→ Data shown

Content starts

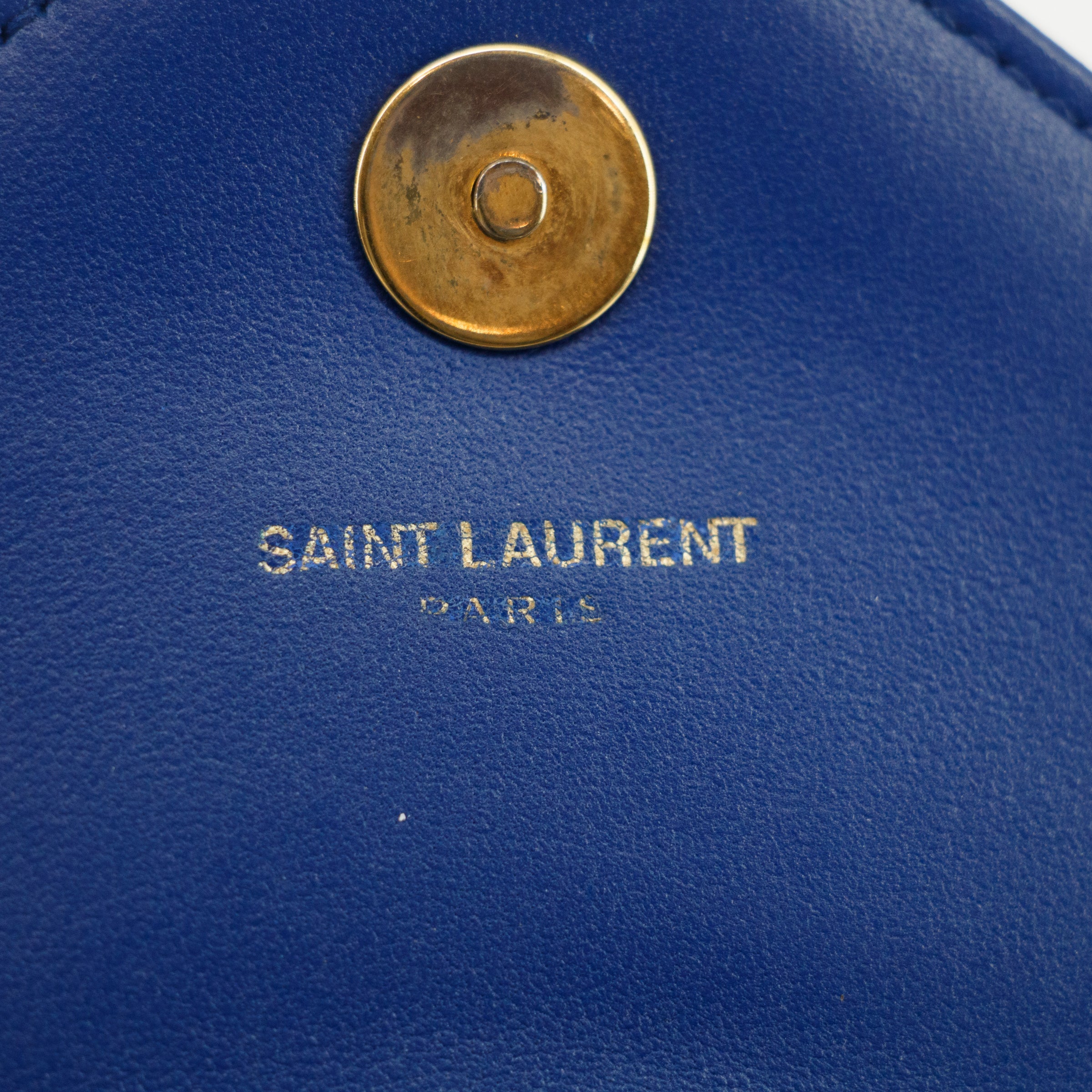 Saint Laurent YSL Classic Blue Matelasse Chevron Crossbody Bag #3651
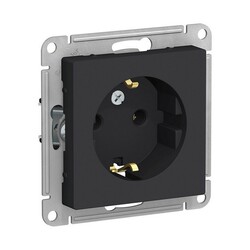 Розетка с/у Atlasdesign ATN001043, 1 гнездо, с/з, карбон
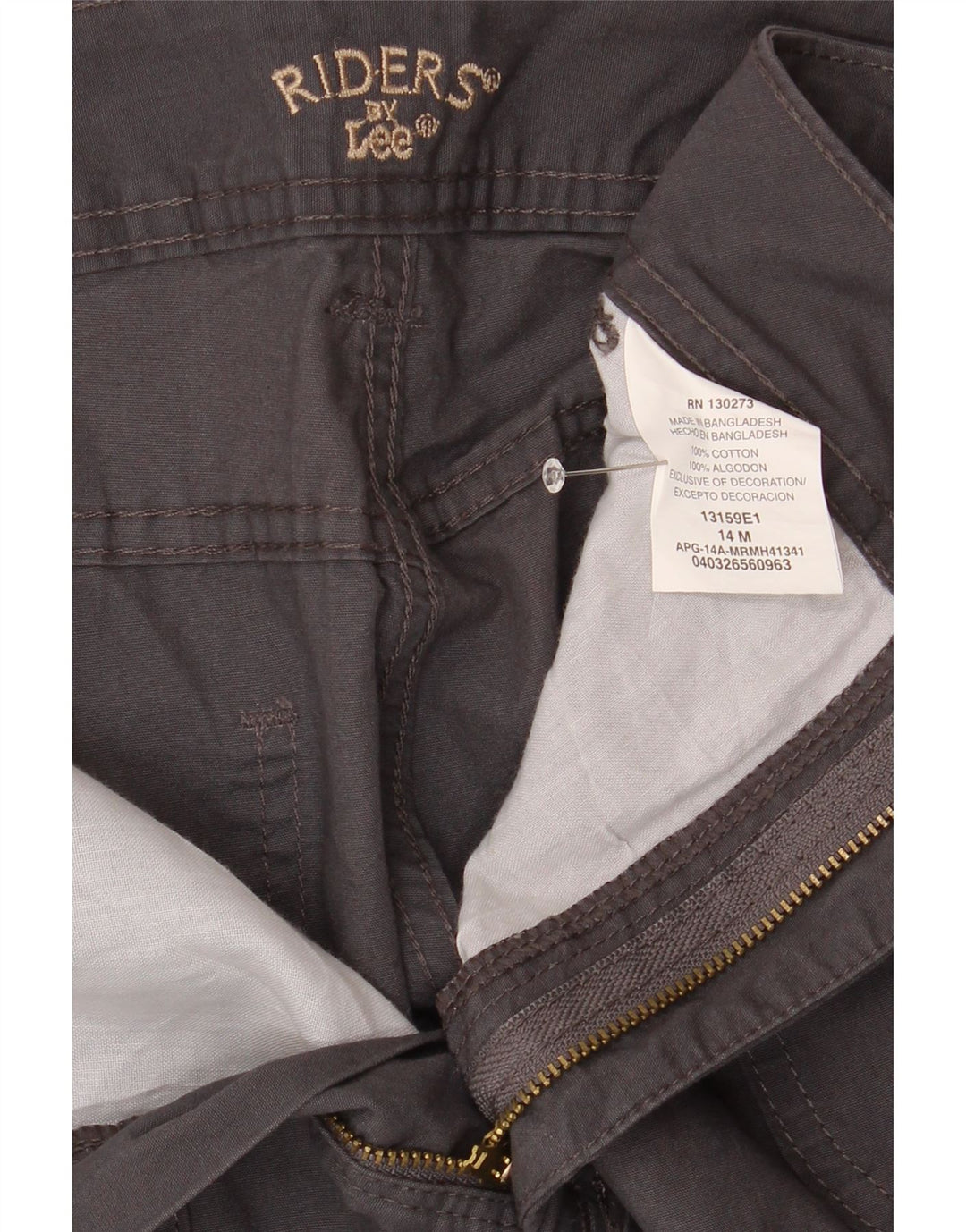 LEE Womens Riders Cargo Bermuda Shorts US 14 Large W32  Grey Cotton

Content ends

→ Your assignment
Any picture in the material is to be dropped; the rest is repeated exactly.

→ Result of the exercise
 Saint Laurent YSL Classic Blue Matelasse Chevron Crossbody Bag #3651
 Розетка с/у Atlasdesign ATN001043, 1 гнездо, с/з, карбон
 LEE Womens Riders Cargo Bermuda Shorts US 14 Large W32  Grey Cotton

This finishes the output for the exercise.